Und sie zauberte sich durch die Freiräume, weil sie nie die ganz weiten Wege gehen musste und deshalb in ihren Aktionen ein ungeheures Tempo vorlegen konnte - viel zu schnell für die Brasilianer, die überhaupt keinen fußballerischen Entwurf verfolgten, vielleicht keinen verfolgen konnten, weil die Deutschen so stark waren. "Sie haben uns einen fantastischen Rhythmus aufgedrängt", sagte Löws Kollege Felipe Scolari.

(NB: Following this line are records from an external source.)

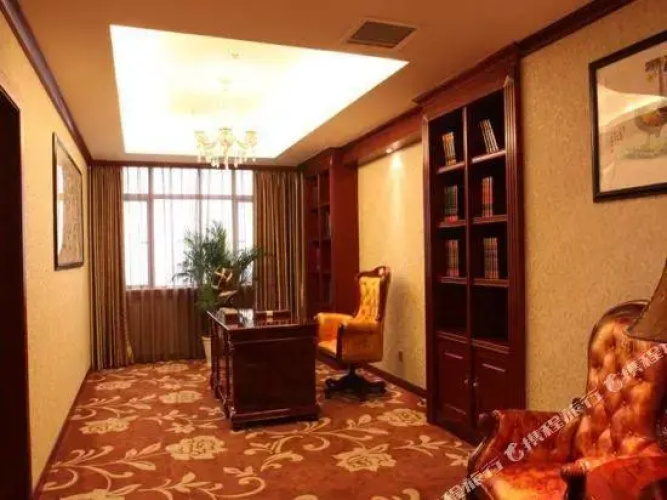 Huayun Hotel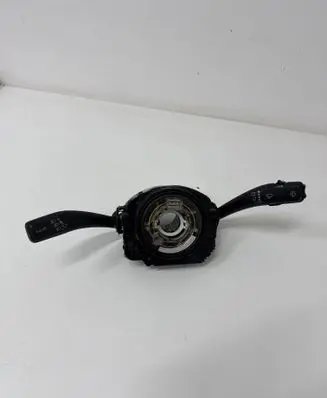Wiper turn signal indicator stalk/switch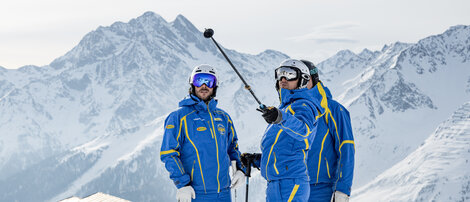 Lernen von den Besten - Schneesportlehrer der Skischule Arlberg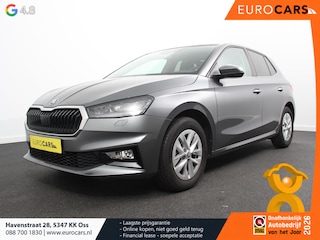 Skoda Fabia 1.0 TSI 110pk Automaat Selection Climate control Adaptieve cruise control Lane assist Parkeersensoren achter Stuurverwarming Stoel verwarming Apple Carplay/ Android Auto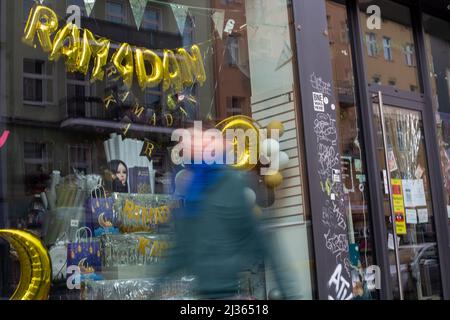 Berlin, Deutschland. 01. April 2022. Das Fenster eines Partyladens ist mit Ramadan-Motiven geschmückt. Quelle: Fernando Gutierrez-Juarez/dpa-Zentralbild/dpa/Alamy Live News Stockfoto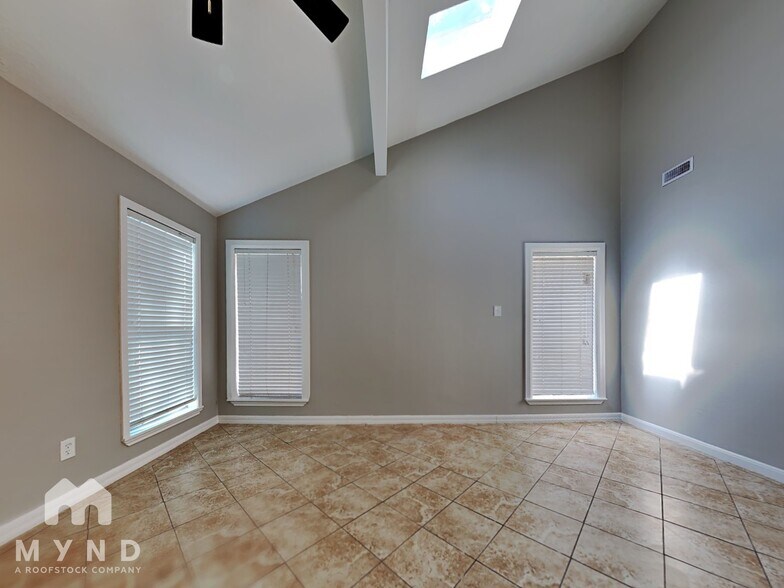 Building Photo - 14923 Walters Rd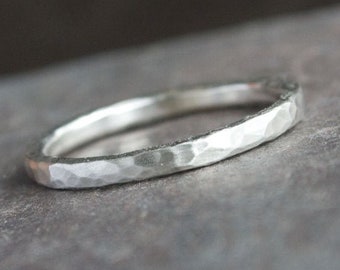 Bague en argent sterling martelé au fini mat brossé - KALA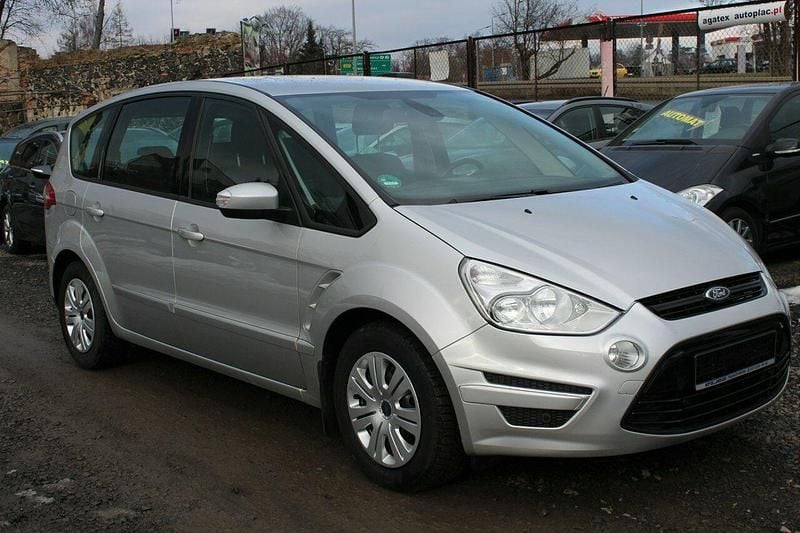 Używany Ford S-MAX S 140 KM (102 kW) 2011 Srebrny Minivan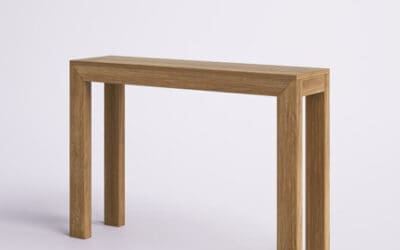Credence Table $400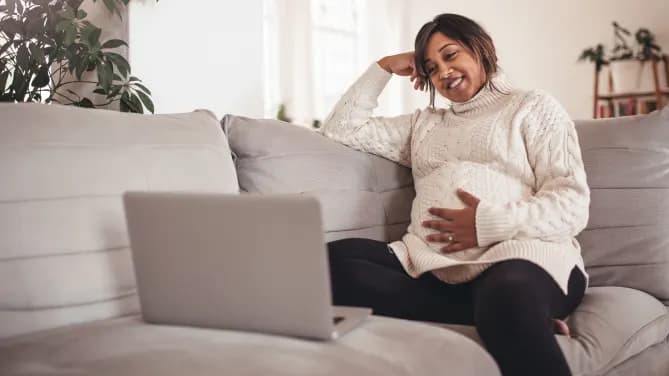 Pregnant woman on laptop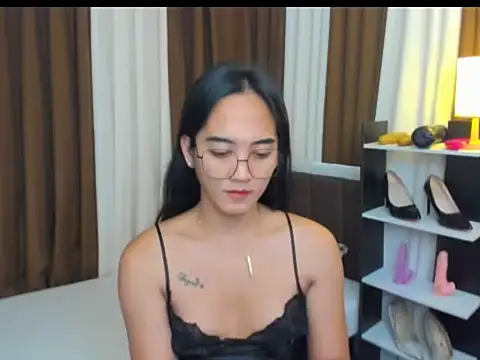 URHottestAngel online show from September 20, 5:34 am
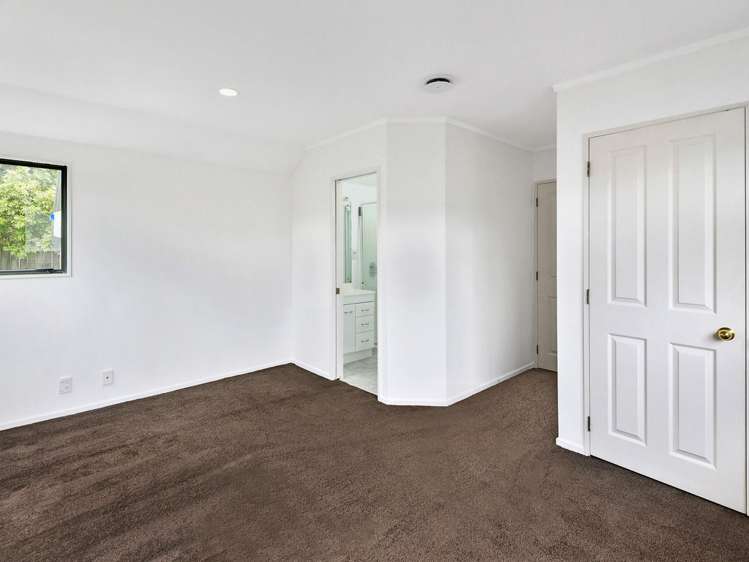 2/12 Mccahill Views Botany Downs_8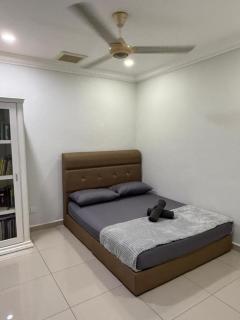 NorAina Homestay - 2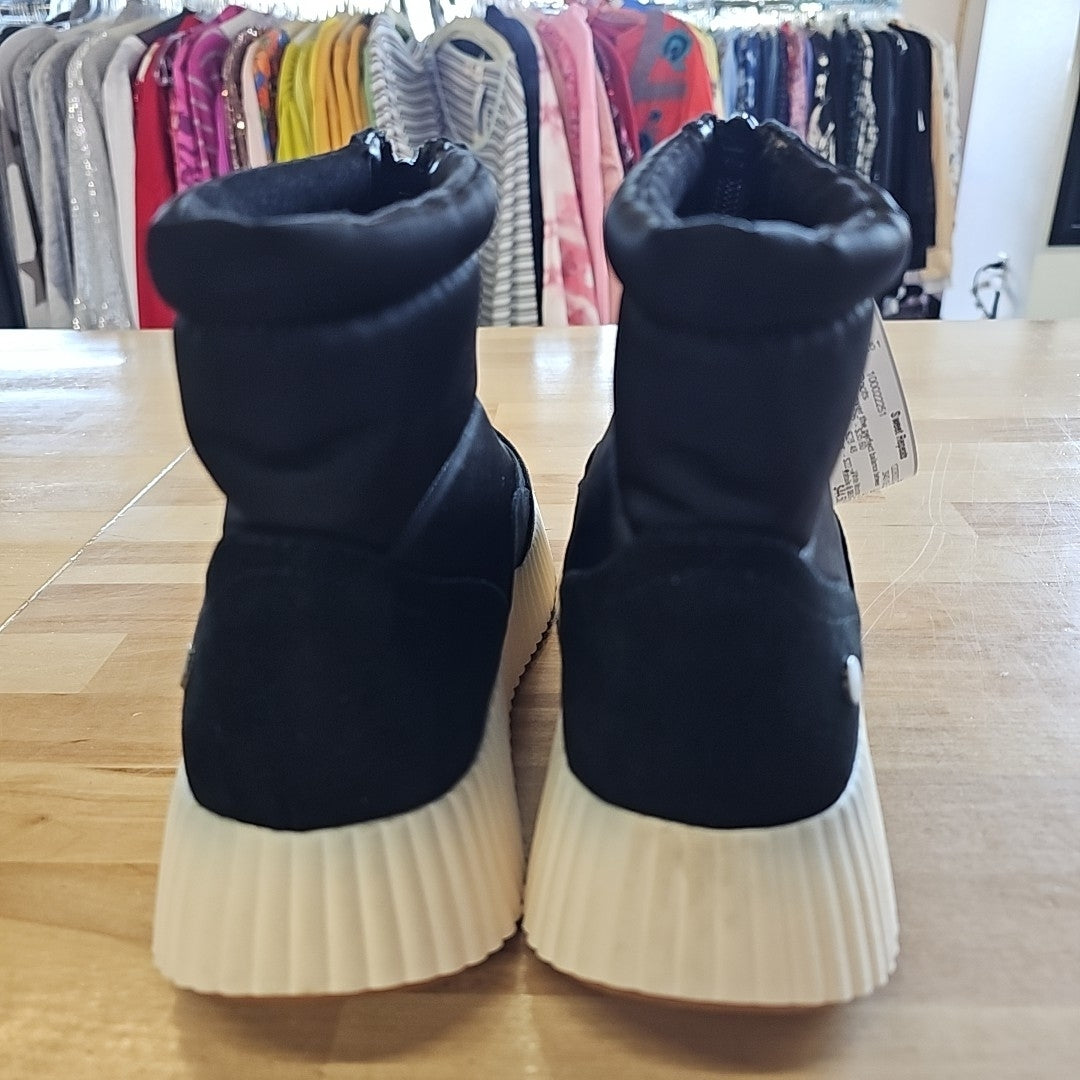 White Mountain Size 10 Black Boots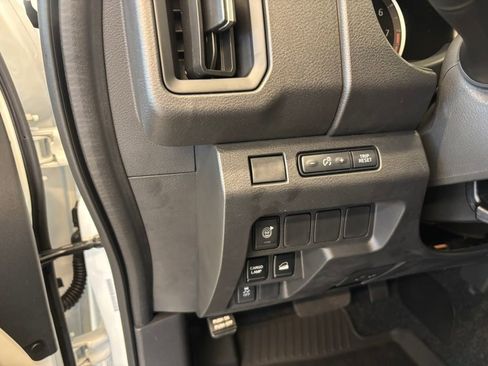 New 2026 Nissan Frontier S image 15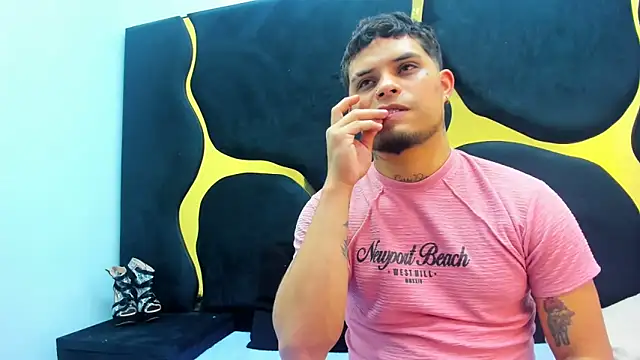 MelissaAndZeuss online show from 02/26/25, 04:47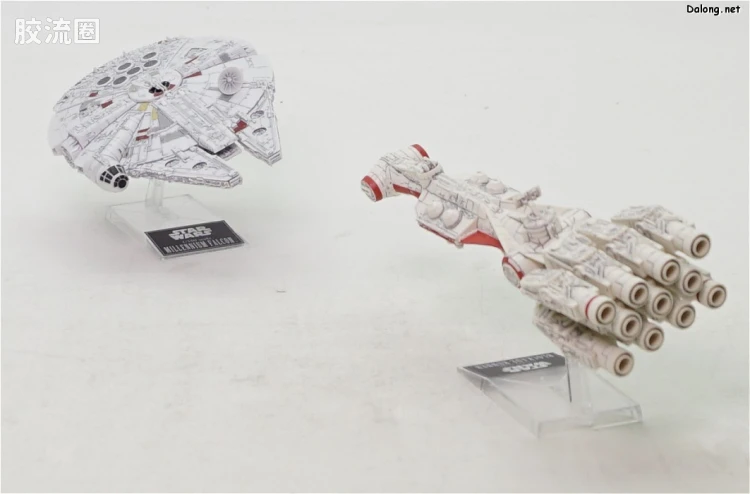 万代 星球大战系列拼装模型 Vehicle Model系列 1/1000 封锁突破舰 &1/350 千年隼 - 图片
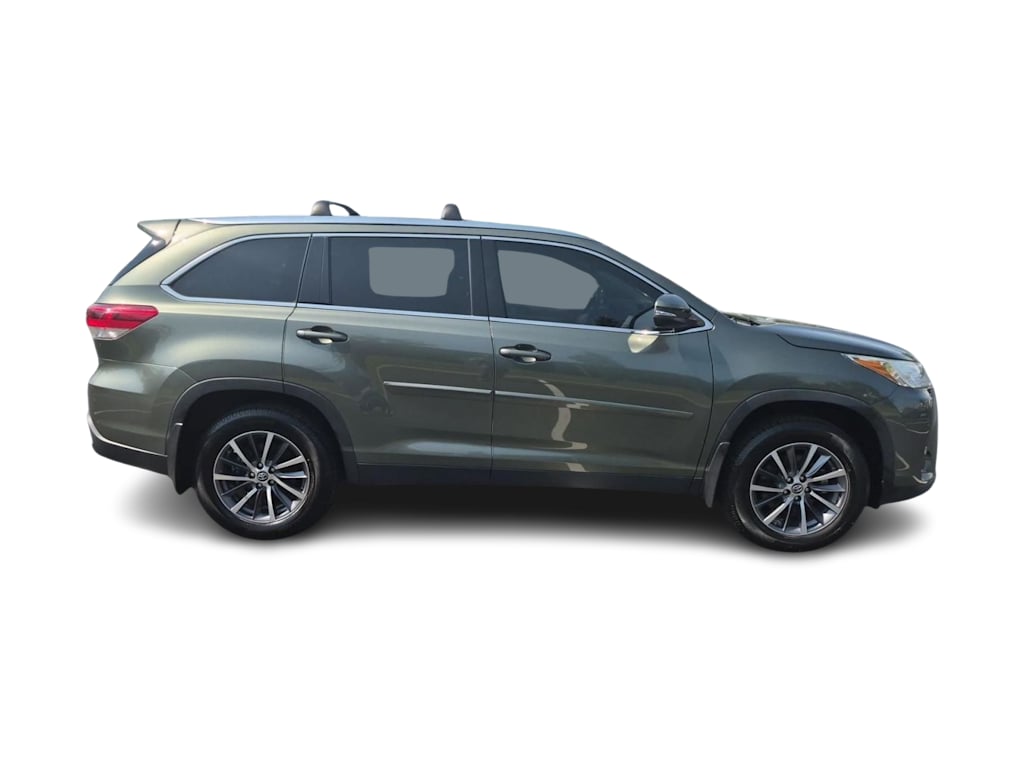 Thumbnail: 2019 Toyota Highlander - 18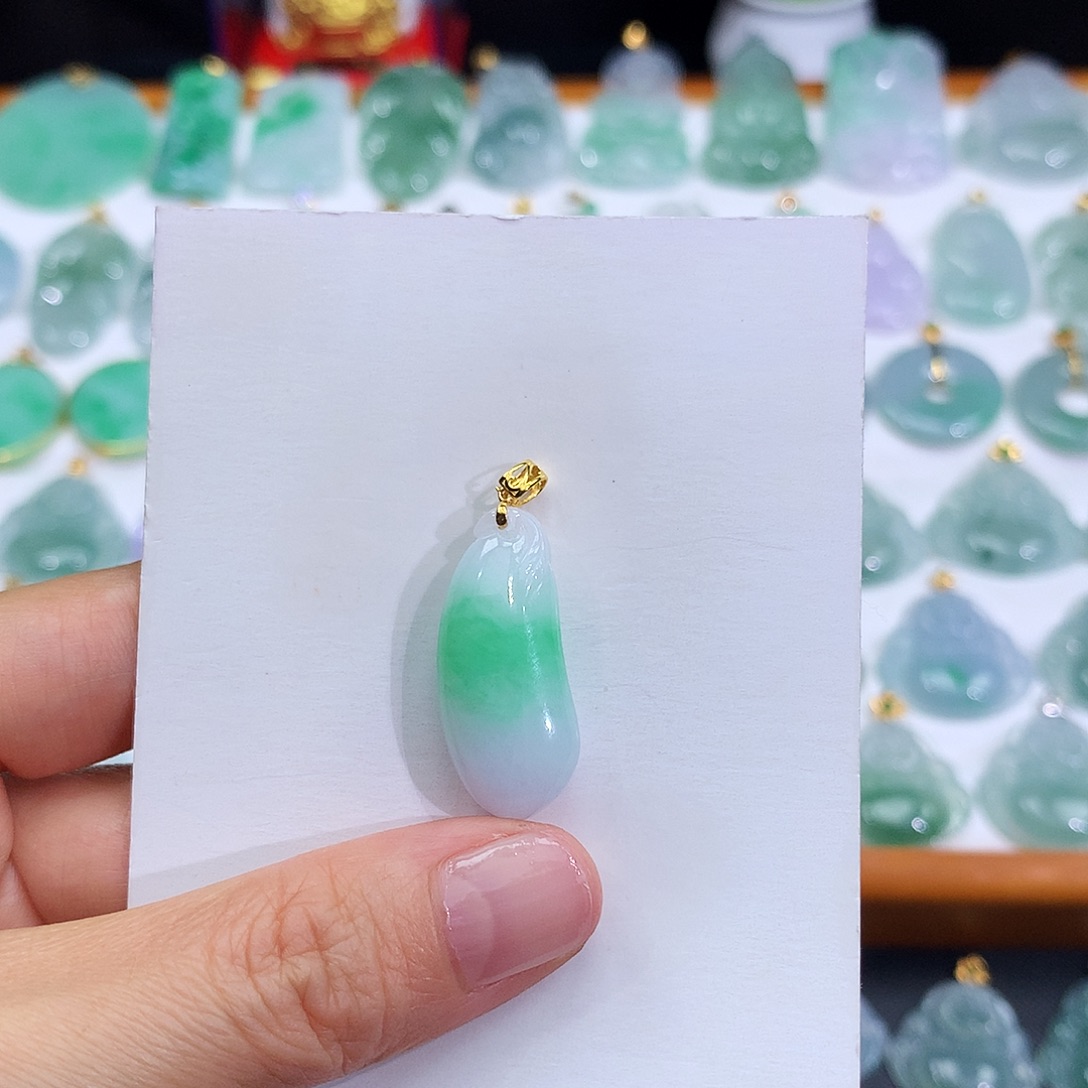 翡翠18K金镶嵌颈饰翡翠吊坠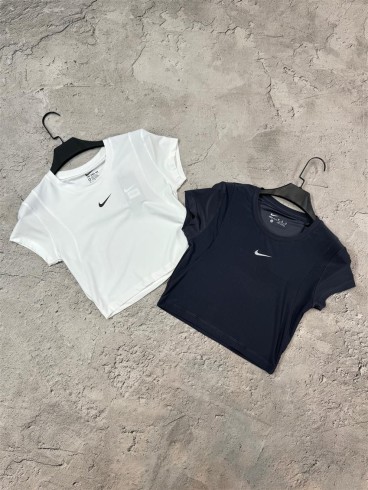 كراپ ورزشي زنانه NIKE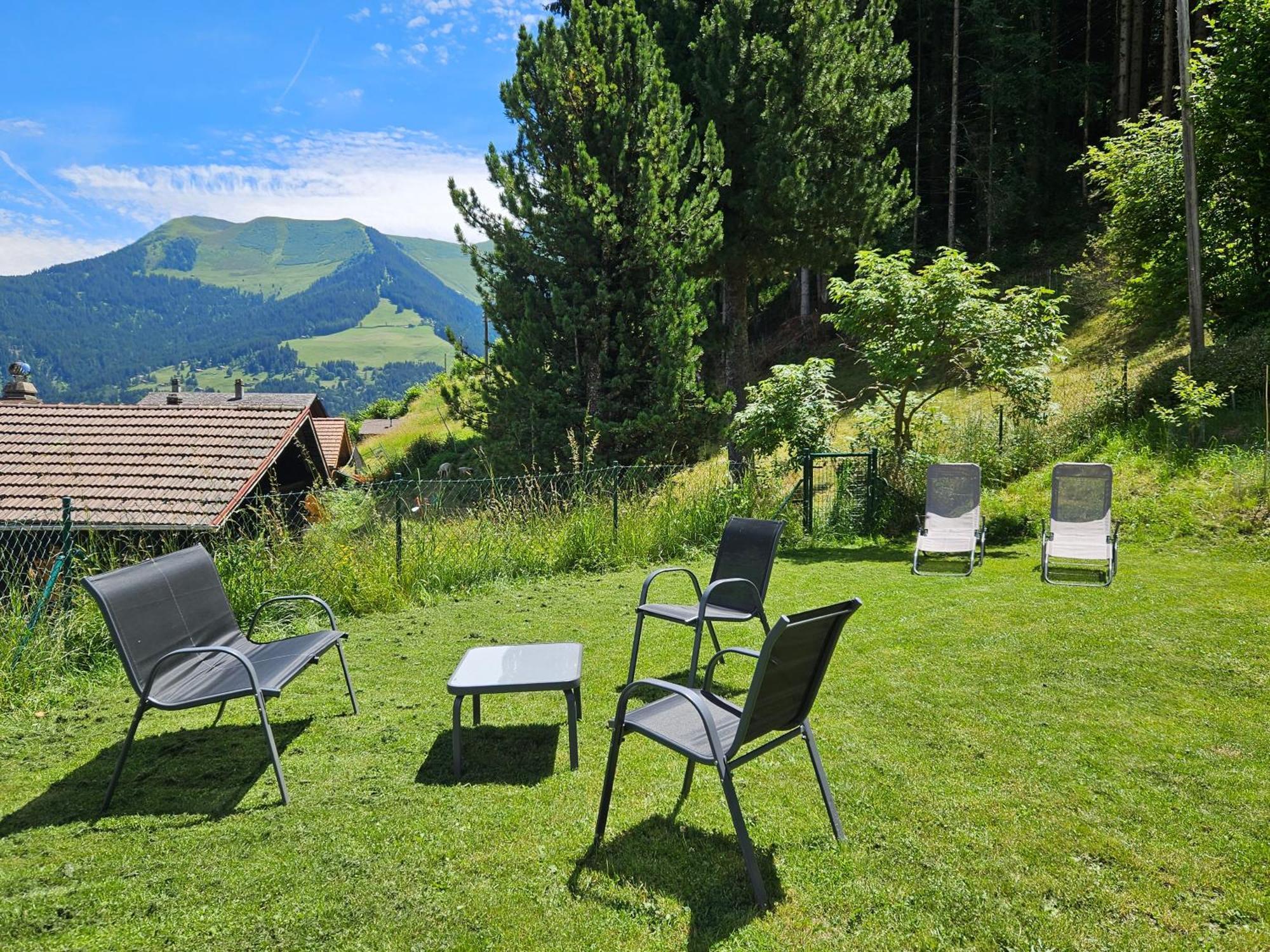 Sweet & Cosy Chalet In The Heart Of The Swiss Alps Troistorrents ภายนอก รูปภาพ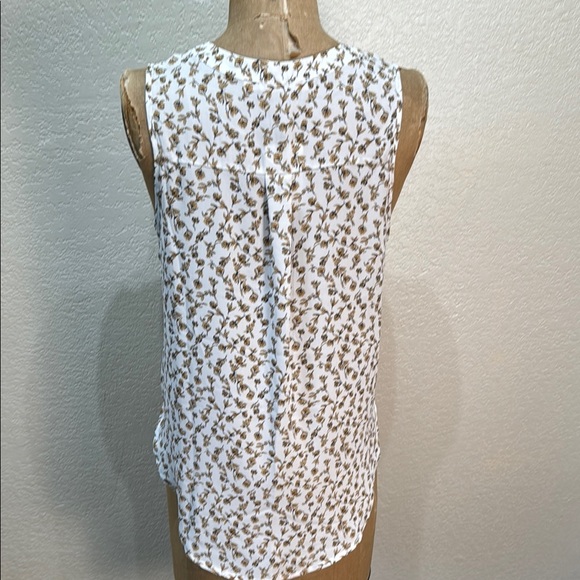Lush Women's Large Floral Sleeveless V-Neck Top White and Brown‎ NWT - Picture 7 of 11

Maßgeblich dafür war zum einen das Spielsystem, in dem bei derart perfekter Anwendung wie im Halbfinale die Abstände zwischen den einzelnen Mannschaftsteilen so klein bleiben, dass es sich fast schon um ein fußballerisches Wesen aus elf Einzelteilen handelt. Zum anderen die taktische Klasse der Mittelfeldspieler. Toni Kroos führte mit der Eleganz von Spielmachern längst vergangener Zeiten Regie, er schlug serienweise Zuckerpässe. Und aus der Tiefe des Raumes, aus der einst Günter Netzer vom Fußballplatz direkt in die schlauen Abhandlungen der Feuilletons stieß, organisierten Bastian Schweinsteiger und Sami Khedira das deutsche Spiel.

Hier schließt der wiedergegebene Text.